→ **Task description**: The answer is to be the lines below that lie between the line holding "The Material Mind" and the line holding "SyscoK's Avatar'", inclusive, transcribed exactly and free of pictures.

→ **Supplied data**:
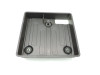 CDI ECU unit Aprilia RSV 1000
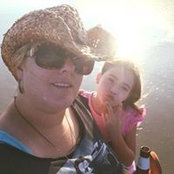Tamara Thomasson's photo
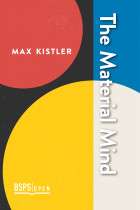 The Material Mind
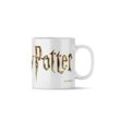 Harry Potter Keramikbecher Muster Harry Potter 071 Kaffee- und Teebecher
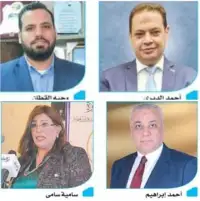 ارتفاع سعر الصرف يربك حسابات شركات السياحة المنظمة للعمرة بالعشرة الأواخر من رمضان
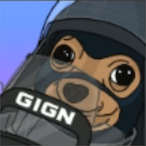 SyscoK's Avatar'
==
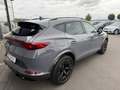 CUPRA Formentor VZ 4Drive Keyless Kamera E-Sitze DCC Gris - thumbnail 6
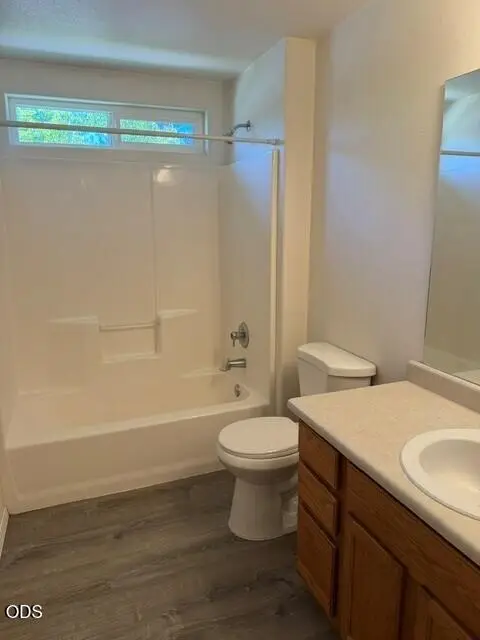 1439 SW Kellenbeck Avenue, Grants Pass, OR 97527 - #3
---
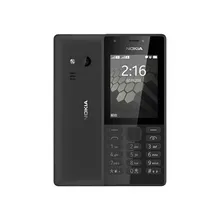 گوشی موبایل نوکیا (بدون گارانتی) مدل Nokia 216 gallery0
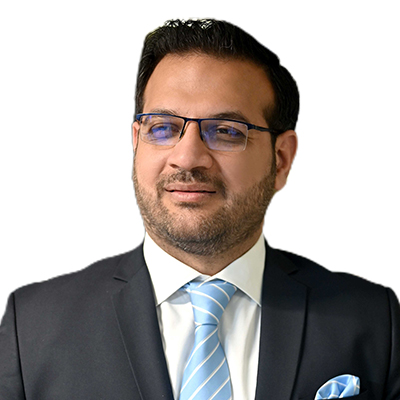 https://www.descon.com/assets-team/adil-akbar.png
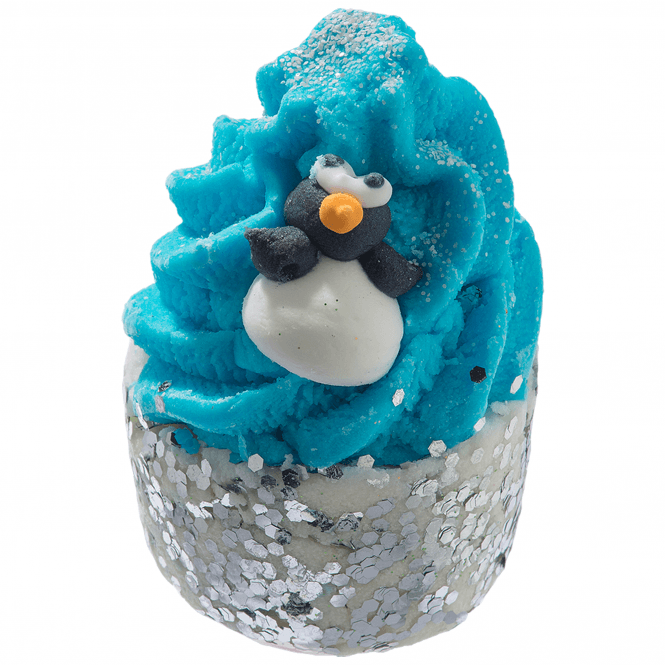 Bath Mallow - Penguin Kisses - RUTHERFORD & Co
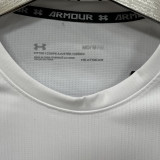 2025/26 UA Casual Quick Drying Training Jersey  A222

→ **Answer section**:
 The Material Mind
 Harry Potter Keramikbecher Muster Harry Potter 071 Kaffee- und Teebecher
 ارتفاع سعر الصرف يربك حسابات شركات السياحة المنظمة للعمرة بالعشرة الأواخر من رمضان
 SyscoK's Avatar'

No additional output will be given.